Netflix Partners With Dreamworks To Make Kids' Programming
MELISSA BLOCK, HOST:
From NPR News, this is ALL THINGS CONSIDERED. I'm Melissa Block.
ROBERT SIEGEL, HOST:
And I'm Robert Siegel. Netflix announced a deal today with Dreamworks Animation. The cartoon powerhouse says it will produce 300 hours of original content for the video streaming service. As NPR's Neda Ulaby reports, the deal illustrates some important trends in the medium formerly known as television.
NEDA ULABY, BYLINE: The new Netflix shows can be based on Dreamworks' enormous library of wildly popular characters.
(SOUNDBITE FROM FILM, "SHREK")
ULABY: "Shrek" and "Kung Fu Panda," plus a host of classic older characters such as Lassie. Netflix has not disclosed which characters will be in what shows, nor the deal's financial terms. But Ted Sarandos, Netflix's chief content officer, acknowledged that kid shows make up roughly 20 percent of the website's traffic and kids are crucial to Netflix's success.

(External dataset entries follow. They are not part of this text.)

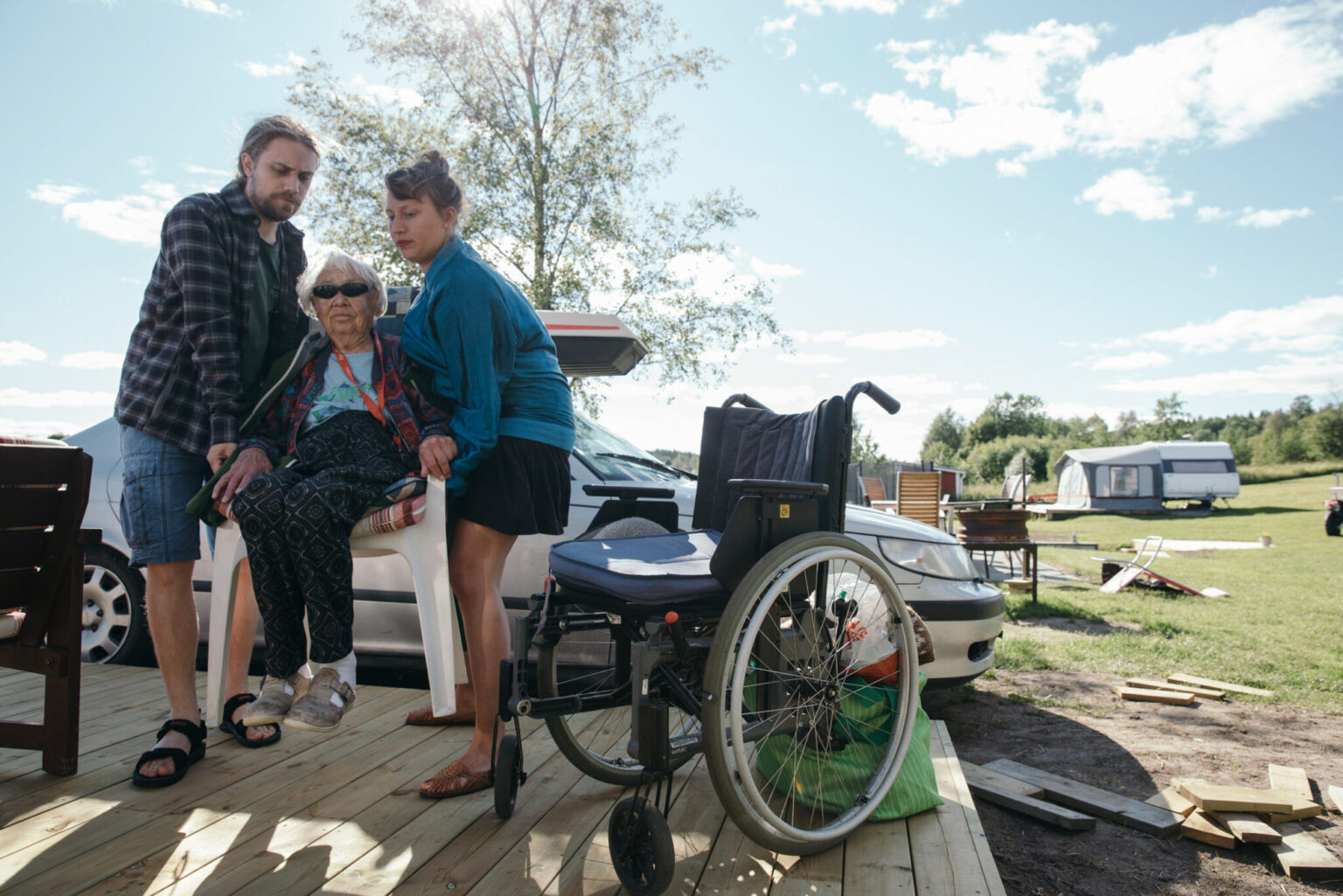 a group of people outside with a wheelchair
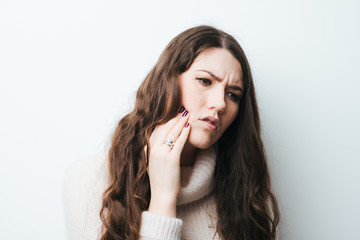 on a white background a young girl with long hair toothache - obrazy, fototapety, plakaty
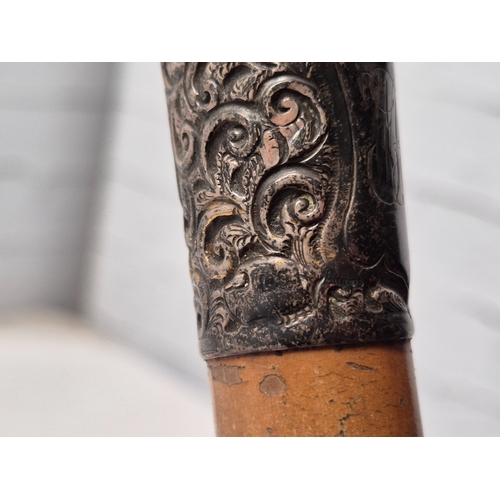 676A - A Collection of Walking Sticks to include Silver Handled example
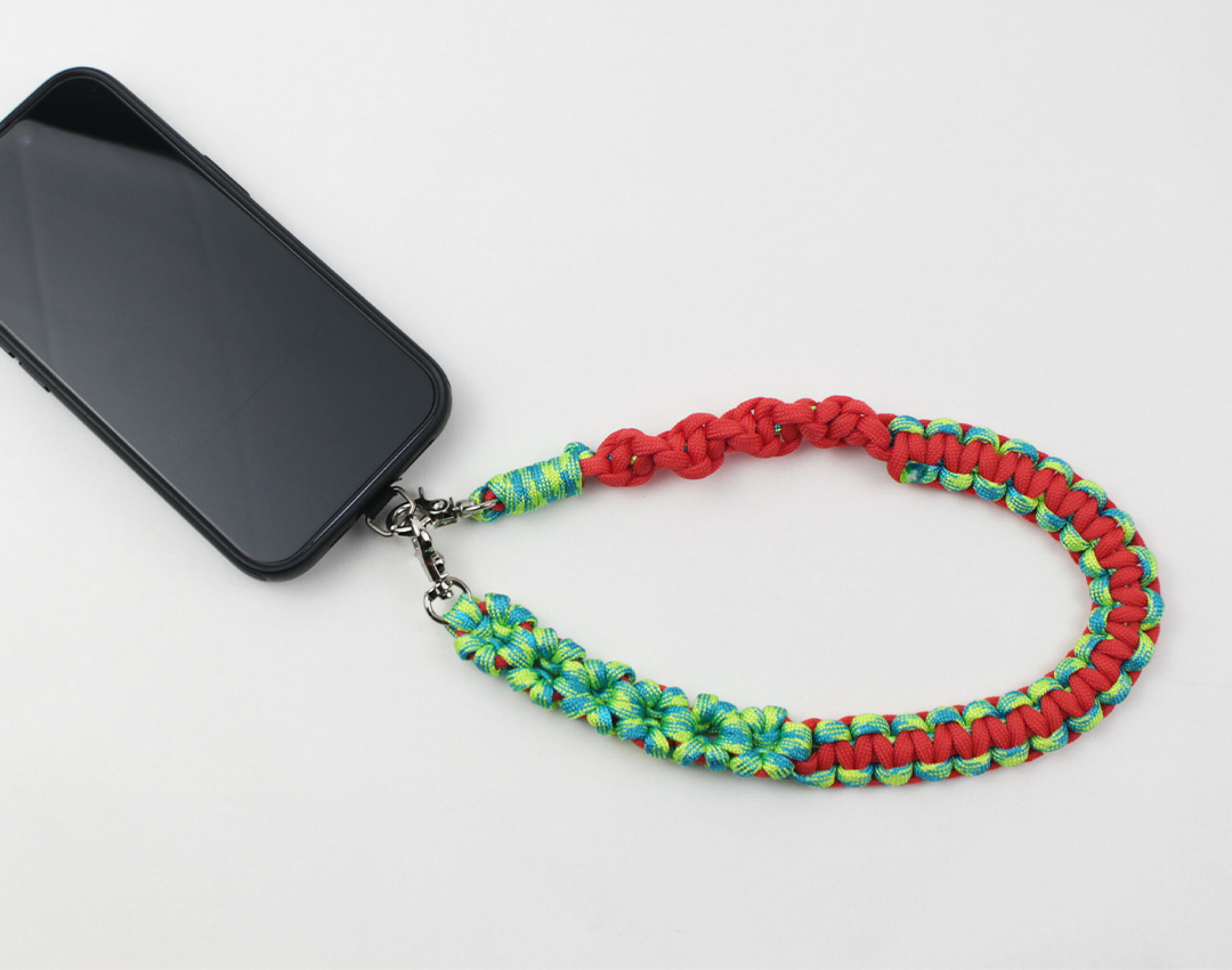 パラコードを使用したハンドメイドスマホストラップです。赤と柄物を組み合わせた作品です。カモフラ系のカラーは組み合わせが難しいですが、単色と組み合わせることで調和がとれて美しく仕上がります。男性にもおすすめの作品です。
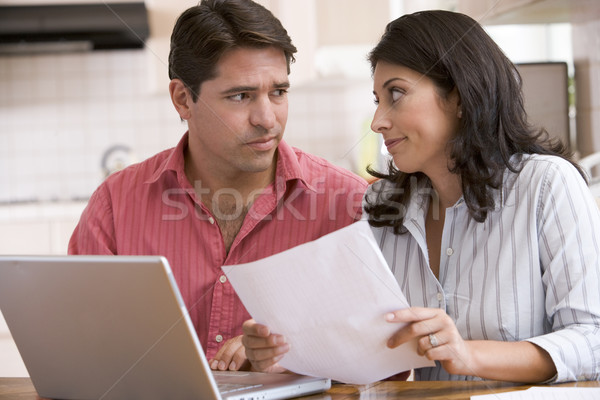 Couple in kitchen with paperwork using laptop looking unhappy Stock photo © monkey_business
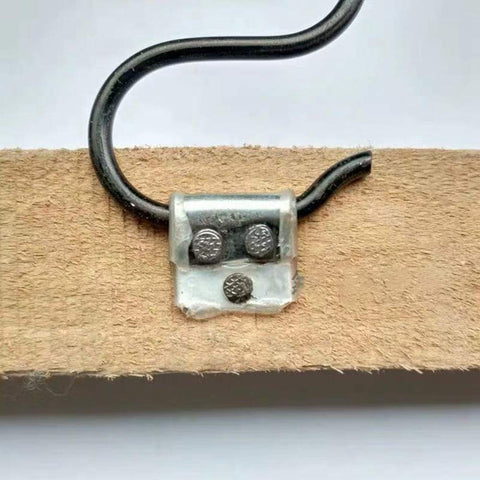 Heavy Duty Upholstery Spring Clips For Sofas And Couches No Hassle Furniture Repair Kit attached to wood with zigzag spring hooks.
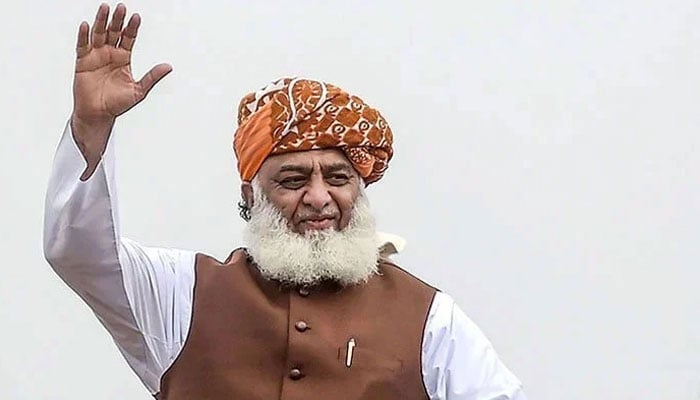 Jamiat Ulema-e-Islam-Fazl (JUI-F) Chief Maulana Fazlur Rehman waves to the crowd at a public gathering in this undated image. — AFP/File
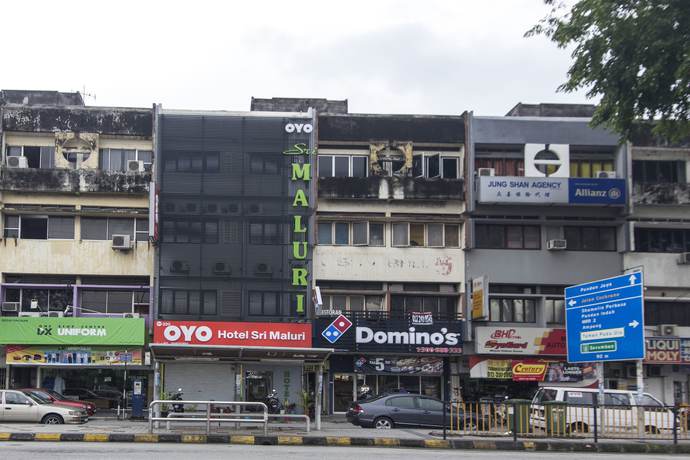Imagen de la habitación del Hotel Oyo 220 Sri Maluri. Foto 4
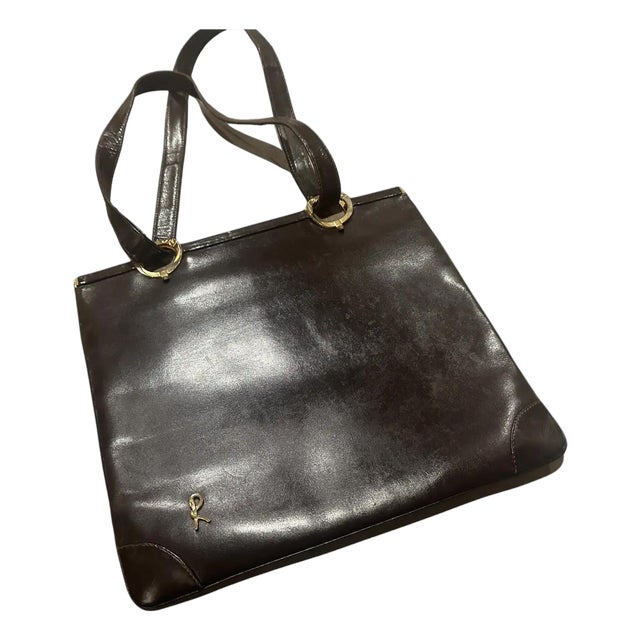 1980s Iconic Brown Leather and Brass Shoulder Bag by Roberta Di Camerino For Sale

TED SARANDOS: I was born at a time where if you overslept on Saturday morning, there were no cartoons this week. My kids have never known a time that weren't without 24 hour a day, seven days a week cartoons.
(SOUNDBITE OF CARTOON)
ULABY: If you want more context for the importance of kids' programming in the streaming video, look no further than Amazon Instant Prime. That's Netflix's main competition. Recently, users voted on which new original pilots they liked. Most of the winners were kids' shows. Now, "Shrek" might seem like a bigger score for Netflix than for Dreamworks Animation, but cultural critic Alyssa Rosenberg says, think again. She blogs for the website Think Progress and she says Internet television is an easier, cheaper platform for Dreamworks than cable or movies.
ALYSSA ROSENBERG: You know, they have guaranteed distributorship now.
ULABY: And Netflix will reach early adopters and a certain kind of parent.
ROSENBERG: Who really, more so than they want to, keep their children from wandering onto skinemax, really want to get their kids away from ads. And there is almost no ad-free programming for children. PBS is really sort of the exception.
ULABY: Rosenberg points out that original content, in general, is exploding and it just makes sense for kids' entertainment to keep up. Netflix has made itself extremely easy for young kids to use, even ones who can't read, and safe, so parents don't worry about what they're watching. Netflix, she says, is playing the long game.
ROSENBERG: Especially if you develop a brand affiliation with children young, you can meet an underserved market and sort of build loyalty.
ULABY: Loyalty among a generation of kids who might not understand why anyone would ever shell out for cable to begin with. Neda Ulaby, NPR News.